In summer I rode my bike everywhere, from morning until dark. Christian has owned two bikes, yet he has never even learned how to ride one. These days kids are often chauffeured everywhere, so walking and riding bikes as a means of transport is an archaic concept. Left to his own devices, my son would be perfectly happy doing nothing but playing Xbox One and watching YouTube videos on his iPad.

When my son was only four, I enrolled him in martial arts classes. It was something I had very much wanted to do as a child, but my parents had refused to pay for it. Christian didn’t want to go to classes, and there were many times that I had to drag him, screaming and crying. I knew that one day he wouldn’t hate it, and he might even start to like it. That took about four years. It wouldn’t be accurate to say he loves martial arts, but he has earned his third dan in tae kwon do and is studying for his adult black belt test. He’s not on track to fight in the UFC, but he could handle himself if he ever had to.

I knew this wasn’t enough physical activity, so I put him in baseball one summer and soccer another time. Like me he had no interest in team sports. What I was really waiting for was for Christian to be old enough to start going to the gym so I could train him. Around the end of the school year in 2011, when he was a couple months shy of turning 12, the owner of my gym allowed me to start training him.

The assumption for many is that because Christian has grown up with two parents who are dedicated to hard training, he must have been waiting impatiently for the day when he, too, could pick up some iron. No, no, no. That was not the case!

Just as with martial arts, Christian was opposed to it at the start and often tried to whine and plead his way out of working out. Not an option! The routine I started him off on is very similar to what he does now. I train him three times a week on Tuesday, Thursday and Sunday (he does martial arts on Monday Wednesday, and Saturday) with full-body workouts that usually look like this:

 

Knee raises 2 x 20

Crunches or

machine crunches 2 x 12

Bench presses* or

incline presses 3 x 6-10

Chinups** 16 reps total

or rows 2 x 10-12

Seated dumbbell

presses 2 x 10-12

Dumbbell curls 2 x 10-12

Triceps extensions or

machine dips 2 x 10-12

Squats*** 3 x 10-12

 

*Chris wasn’t strong enough to press the 45-pound bar until a little more than a year ago. Before that we used light dumbbells or a machine.

**He couldn’t do a single chinup until a year ago. Before that he used the lat pulldown. Occasionally I still let him do that. Every other workout he alternates a chin or pulldown with some type of row: dumbbell, supported T-bar or Hammer Strength machine.

***He was probably strong enough to squat the bar more than a year ago, but he lacked the balance and coordination.
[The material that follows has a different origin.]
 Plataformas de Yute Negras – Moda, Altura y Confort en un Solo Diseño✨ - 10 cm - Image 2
Until about a year ago he used a selector stack machine leg press.

 

Most of his reps have been in the 10-to-12 range. Only recently have I allowed him to go heavy enough on his final set of bench presses to get just six reps. I don’t believe it’s safe to have a growing adolescent do very heavy lifting for low reps. I insist on good form and never let him use more weight if his form suffers in any way. As for how “hard” I have him train, he goes to failure less than half of the time. Right now it’s not about trying to get my son huge or powerful. I just want him fit and becoming gradually stronger, safely.

I must state for the record that I am not certified in training juveniles and have zero experience in the realm of strength coaching. I merely put my son’s routine together to give him a well-rounded overall base. In terms of how to train young athletes to excel at their chosen sports, I am fairly ignorant.
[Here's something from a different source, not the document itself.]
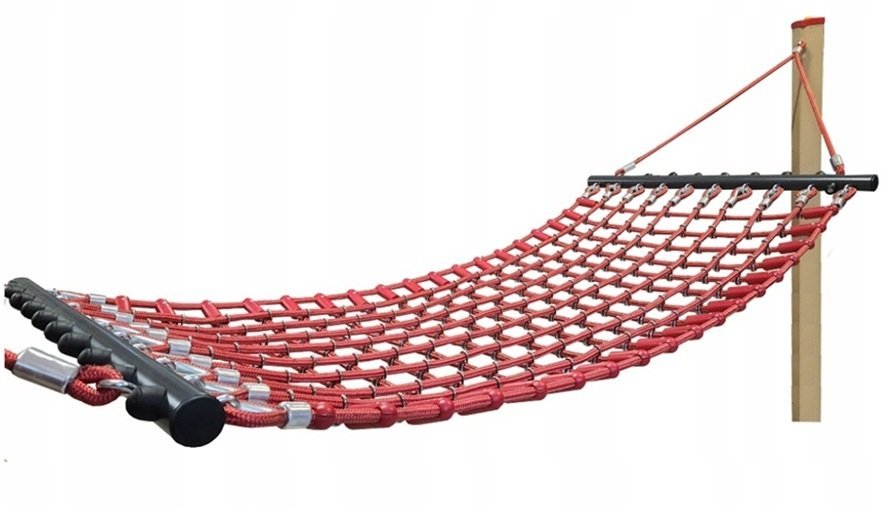 AllForBaby HAMAK DO UŻYTKU PUBLICZNEGO Z LIN ZBROJONYCH EN1176 3 kolory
Christian’s strength and size have increased dramatically in the past 2 1/2 years. That makes sense because he was really just starting puberty then, and he’s now at least halfway done. He was probably only 4’6” or so then and perhaps weighed 70 pounds (as you can see in the accompanying photo of me training him in the late summer 2011). Today he is a little over 5’4” and 112 pounds. At his age I was 4’11” and about 95 pounds. I also started puberty at least a year later than he did. I suspect that his being half Cuban has something to do with that, as Latinos typically reach physical maturity faster.

All that said, the really good news is that at some point about six to eight months ago Christian actually seemed to start enjoying going to the gym and working out. He began to notice the changes in his body and liked what he saw. It’s funny to note how the same areas that responded first for me, the chest and traps, were also the first places to show some development for him. A couple months ago he started seeing his arms begin to fill out, with a little biceps peak like his mom’s (mine are fuller without peaks). Christian also has a funny obsession with seeing new veins in his forearms.

My point is, you can’t make your children want to exercise, but you can make them exercise whether they like it or not, and eventually it’s likely that they will start to enjoy it and want to do it without your urging. Because there is virtually no physical education in public schools today and because a lot of kids are not athletic and/or active the way kids used to be before the advent of Xbox Ones, iPhones, iPads and so on, we as parents must take it upon ourselves to make sure they get enough exercise to be healthy and fit.

As for getting kids to eat healthfully, sadly I can’t speak from any experience in doing that! It’s all I can do to get my son to eat one truly healthful meal every day. Still, he’s working out consistently and started to crave more results, so a better diet is likely in his near future.